望潮亭通信

無常なる世界を見るは楽しかり

被害者感情の持続

 国会で与野党が鋭く対立する法案が、ある。対立の根にあるものは各政党の政策の違いのはずだが、主張が似通っている政党なのに賛否が対立する場合も珍しくはない。そうした場合には法案に、支援団体の利害が絡んでいたりする。支援団体がヘソを曲げると次の選挙にも関わりかねないだけに各政党、議員は懸命にならざるを得ない。



 イデオロギー対立が盛んだったころにも与野党は鋭く対立した。イデオロギー対立が絡む法案で、反対する側が持ち出す言葉が、その法案が成立すれば日本社会は「戦前のようになる」だった。その言葉が真実なら、イデオロギー対立が絡んだ法案はけっこう成立しているので、日本はとっくに戦前のようになっているはずだが。



 2013年の特定秘密保護法案に関して久々に「戦前のようになる」の言葉が持ち出された。この法案は、日本をオープンな社会にするためには役立たず、官僚の権限を強める効果が大きいようで、「政府が持つ情報は公開する」を基本に見直す必要があるが、強行採決で成立した。



 今度こそ「戦前のように」なってしまうかといえば、おそらく違うだろう。「戦前」のイメージは個人によりバラバラで、「戦前」の意味するものは幅広い。警句として「戦前」を持ち出す人は、強権による抑圧社会をイメージし、被害者感情を増幅させるのだろうが、現在の日本で人々に被害者感情が広まれば、与党は選挙で敗北するだけだ。



 不思議なのは、「戦前」を持ち出して被害者感情を増幅させる人々が、法案が成立した後は反対運動を続けないことだ。
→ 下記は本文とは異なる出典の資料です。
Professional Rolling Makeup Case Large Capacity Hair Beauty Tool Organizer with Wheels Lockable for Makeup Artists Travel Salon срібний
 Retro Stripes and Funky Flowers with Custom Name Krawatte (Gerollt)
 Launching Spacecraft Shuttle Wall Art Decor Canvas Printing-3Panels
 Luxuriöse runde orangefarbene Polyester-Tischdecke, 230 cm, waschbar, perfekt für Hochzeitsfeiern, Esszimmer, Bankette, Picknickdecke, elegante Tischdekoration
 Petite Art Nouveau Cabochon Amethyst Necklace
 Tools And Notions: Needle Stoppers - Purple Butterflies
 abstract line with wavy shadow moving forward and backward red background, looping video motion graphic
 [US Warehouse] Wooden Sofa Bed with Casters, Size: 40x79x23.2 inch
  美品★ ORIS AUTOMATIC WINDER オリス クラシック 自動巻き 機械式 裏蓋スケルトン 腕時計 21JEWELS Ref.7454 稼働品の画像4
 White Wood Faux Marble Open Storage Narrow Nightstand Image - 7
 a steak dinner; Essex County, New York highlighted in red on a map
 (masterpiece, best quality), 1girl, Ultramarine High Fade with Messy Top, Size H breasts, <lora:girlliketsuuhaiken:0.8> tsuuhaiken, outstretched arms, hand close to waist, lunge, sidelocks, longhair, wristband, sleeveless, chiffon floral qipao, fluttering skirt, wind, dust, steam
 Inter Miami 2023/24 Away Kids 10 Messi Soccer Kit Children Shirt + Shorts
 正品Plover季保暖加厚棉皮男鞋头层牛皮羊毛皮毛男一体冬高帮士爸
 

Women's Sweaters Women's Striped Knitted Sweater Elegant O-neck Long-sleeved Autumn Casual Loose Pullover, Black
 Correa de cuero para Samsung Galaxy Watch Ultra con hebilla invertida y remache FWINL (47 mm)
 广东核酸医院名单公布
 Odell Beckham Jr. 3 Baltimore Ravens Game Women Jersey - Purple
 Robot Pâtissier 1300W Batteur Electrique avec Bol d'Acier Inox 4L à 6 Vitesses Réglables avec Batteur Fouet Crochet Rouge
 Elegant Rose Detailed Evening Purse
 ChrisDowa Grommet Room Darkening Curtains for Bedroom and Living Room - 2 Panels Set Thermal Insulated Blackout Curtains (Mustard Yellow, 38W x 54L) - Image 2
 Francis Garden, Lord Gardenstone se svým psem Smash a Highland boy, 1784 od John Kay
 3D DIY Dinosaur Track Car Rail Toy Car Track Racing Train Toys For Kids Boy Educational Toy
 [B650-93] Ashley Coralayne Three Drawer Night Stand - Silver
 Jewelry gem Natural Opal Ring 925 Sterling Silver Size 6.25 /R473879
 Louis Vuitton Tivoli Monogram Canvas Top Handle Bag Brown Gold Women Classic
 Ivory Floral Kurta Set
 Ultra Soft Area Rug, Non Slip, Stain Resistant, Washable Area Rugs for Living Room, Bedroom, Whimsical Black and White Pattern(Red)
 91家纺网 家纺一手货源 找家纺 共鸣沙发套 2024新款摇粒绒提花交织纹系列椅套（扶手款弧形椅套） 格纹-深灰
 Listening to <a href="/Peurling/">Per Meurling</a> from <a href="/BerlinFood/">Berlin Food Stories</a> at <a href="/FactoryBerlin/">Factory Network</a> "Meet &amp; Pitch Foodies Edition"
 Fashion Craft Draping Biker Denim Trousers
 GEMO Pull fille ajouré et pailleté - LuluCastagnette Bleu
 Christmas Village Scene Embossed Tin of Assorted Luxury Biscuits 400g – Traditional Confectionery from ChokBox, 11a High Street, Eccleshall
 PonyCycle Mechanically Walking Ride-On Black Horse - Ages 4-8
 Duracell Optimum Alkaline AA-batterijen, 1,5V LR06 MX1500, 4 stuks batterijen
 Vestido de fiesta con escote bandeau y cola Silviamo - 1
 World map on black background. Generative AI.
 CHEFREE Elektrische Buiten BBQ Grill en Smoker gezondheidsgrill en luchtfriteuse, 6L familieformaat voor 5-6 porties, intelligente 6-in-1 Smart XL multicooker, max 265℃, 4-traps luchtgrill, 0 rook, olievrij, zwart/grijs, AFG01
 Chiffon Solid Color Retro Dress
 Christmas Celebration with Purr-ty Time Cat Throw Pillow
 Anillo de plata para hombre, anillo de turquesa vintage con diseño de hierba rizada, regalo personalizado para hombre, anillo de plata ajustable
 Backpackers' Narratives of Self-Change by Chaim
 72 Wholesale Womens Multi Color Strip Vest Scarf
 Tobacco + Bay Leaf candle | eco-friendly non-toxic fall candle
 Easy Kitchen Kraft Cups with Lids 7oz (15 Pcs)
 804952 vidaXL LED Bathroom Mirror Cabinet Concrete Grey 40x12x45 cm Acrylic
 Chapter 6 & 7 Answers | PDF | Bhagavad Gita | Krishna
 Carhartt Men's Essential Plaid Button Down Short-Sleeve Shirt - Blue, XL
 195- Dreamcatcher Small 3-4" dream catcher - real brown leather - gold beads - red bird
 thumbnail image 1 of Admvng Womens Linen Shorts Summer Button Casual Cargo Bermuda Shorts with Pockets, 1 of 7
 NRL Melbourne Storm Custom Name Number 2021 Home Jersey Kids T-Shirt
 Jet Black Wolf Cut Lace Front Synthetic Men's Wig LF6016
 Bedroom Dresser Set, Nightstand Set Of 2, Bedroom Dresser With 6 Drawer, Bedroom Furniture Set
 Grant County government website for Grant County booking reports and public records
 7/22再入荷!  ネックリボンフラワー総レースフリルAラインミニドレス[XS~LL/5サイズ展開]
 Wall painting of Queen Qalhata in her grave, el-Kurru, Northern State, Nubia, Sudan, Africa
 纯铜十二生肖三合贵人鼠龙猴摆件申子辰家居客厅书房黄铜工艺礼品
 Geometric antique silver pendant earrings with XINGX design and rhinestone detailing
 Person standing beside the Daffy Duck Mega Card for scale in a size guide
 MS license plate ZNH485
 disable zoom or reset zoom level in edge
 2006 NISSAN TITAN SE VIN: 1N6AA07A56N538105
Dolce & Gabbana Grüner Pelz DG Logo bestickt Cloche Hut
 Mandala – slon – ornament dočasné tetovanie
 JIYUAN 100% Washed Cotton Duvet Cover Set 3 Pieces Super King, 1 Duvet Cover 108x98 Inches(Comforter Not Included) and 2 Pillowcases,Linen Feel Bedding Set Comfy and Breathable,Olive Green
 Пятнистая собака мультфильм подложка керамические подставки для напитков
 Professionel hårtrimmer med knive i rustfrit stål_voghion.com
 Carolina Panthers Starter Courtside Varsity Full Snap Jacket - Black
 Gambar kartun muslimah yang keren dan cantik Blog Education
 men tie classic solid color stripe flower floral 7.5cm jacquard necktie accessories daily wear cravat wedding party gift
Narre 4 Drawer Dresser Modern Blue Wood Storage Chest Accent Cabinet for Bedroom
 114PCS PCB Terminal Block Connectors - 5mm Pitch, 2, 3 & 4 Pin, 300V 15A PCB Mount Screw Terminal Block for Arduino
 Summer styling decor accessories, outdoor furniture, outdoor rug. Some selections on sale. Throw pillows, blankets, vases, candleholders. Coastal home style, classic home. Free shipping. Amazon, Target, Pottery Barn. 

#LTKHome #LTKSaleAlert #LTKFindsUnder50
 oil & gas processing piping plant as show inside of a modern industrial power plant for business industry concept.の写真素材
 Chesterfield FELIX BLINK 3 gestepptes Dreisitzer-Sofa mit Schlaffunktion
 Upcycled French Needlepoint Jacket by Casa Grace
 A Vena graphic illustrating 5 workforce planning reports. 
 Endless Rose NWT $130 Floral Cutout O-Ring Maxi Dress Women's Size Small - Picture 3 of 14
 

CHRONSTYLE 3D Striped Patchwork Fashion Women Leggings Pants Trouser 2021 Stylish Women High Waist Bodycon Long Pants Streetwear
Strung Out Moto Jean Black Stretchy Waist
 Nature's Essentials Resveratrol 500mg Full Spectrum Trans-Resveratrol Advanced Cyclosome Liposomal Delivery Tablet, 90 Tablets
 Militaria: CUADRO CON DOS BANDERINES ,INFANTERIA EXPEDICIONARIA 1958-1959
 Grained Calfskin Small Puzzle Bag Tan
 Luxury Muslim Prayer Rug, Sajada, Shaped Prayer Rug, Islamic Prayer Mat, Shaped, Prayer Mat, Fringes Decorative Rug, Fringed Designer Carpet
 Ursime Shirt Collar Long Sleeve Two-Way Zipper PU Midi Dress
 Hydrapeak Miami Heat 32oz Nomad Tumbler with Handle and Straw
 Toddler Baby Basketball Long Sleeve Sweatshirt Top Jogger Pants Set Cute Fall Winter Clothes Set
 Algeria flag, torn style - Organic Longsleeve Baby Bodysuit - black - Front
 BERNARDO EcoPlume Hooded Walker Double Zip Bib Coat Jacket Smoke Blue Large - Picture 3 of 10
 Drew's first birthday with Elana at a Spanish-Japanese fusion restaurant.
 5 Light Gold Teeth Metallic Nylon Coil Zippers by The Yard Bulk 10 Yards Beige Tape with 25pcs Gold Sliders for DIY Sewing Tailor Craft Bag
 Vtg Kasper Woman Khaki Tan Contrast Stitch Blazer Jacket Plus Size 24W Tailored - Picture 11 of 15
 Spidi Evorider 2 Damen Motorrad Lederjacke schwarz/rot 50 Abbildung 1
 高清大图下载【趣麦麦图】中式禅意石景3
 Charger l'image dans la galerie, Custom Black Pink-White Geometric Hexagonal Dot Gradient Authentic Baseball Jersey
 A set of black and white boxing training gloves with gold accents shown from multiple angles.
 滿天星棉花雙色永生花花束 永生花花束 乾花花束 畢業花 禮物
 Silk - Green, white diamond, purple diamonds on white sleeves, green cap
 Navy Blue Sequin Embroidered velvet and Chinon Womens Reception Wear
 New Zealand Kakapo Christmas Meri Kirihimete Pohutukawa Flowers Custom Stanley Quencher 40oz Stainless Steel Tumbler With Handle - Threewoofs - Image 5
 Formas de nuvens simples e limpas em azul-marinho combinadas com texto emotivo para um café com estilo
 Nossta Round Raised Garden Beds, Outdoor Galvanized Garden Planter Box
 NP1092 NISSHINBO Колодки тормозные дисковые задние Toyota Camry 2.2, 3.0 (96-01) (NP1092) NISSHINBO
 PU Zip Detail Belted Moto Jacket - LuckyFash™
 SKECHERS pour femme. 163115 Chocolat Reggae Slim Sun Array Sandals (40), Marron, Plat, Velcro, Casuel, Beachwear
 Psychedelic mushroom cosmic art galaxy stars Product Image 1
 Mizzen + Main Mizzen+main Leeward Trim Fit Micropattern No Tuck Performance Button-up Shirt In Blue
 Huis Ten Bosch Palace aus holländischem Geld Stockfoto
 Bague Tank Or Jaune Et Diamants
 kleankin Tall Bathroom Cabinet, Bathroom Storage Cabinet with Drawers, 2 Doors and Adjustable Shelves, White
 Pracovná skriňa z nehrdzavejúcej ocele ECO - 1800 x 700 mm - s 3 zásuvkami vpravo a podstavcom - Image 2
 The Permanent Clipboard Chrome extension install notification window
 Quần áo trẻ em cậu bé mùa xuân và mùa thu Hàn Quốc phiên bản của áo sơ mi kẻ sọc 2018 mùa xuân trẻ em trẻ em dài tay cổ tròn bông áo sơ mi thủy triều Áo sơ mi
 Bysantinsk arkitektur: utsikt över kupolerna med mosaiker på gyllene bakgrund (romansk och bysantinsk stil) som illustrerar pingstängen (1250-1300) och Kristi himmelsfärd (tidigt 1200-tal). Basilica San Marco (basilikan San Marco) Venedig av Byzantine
戦前のような社会にしてはならないと考えるなら、そうした法案が成立した後は、法案の修正や廃案を目指す運動に変化するのが当然だろうが、掛け声だけで、反対運動はいつしか消えてしまう。反対した人々は、そうして被害者感情を蓄積していくのかな。



 結果的に、「戦前のようになる」との反対を押し切って、対立のある法案を成立させれば、それが定着することになる。これは、既存の法律の見直しをする議会の機能が弱いことと、与党の実力者が政府を構成するために、議会より政府のほうが強いという議院内閣制の弱点が重なっているのだろう。



 さらにいうなら、規範を守ろうという意識が日本人には強く、それが法治意識に結びついて、“悪法”でも成立したならば尊重する(?)結果になっているのかもしれない。本当に悪法なら変えなくてはならない。変えるためには、選挙で与野党を逆転させ、政権交代をさせるしかない。しかし、簡単には政権交代は実現しない……だから、被害者意識を持ち続けるのか。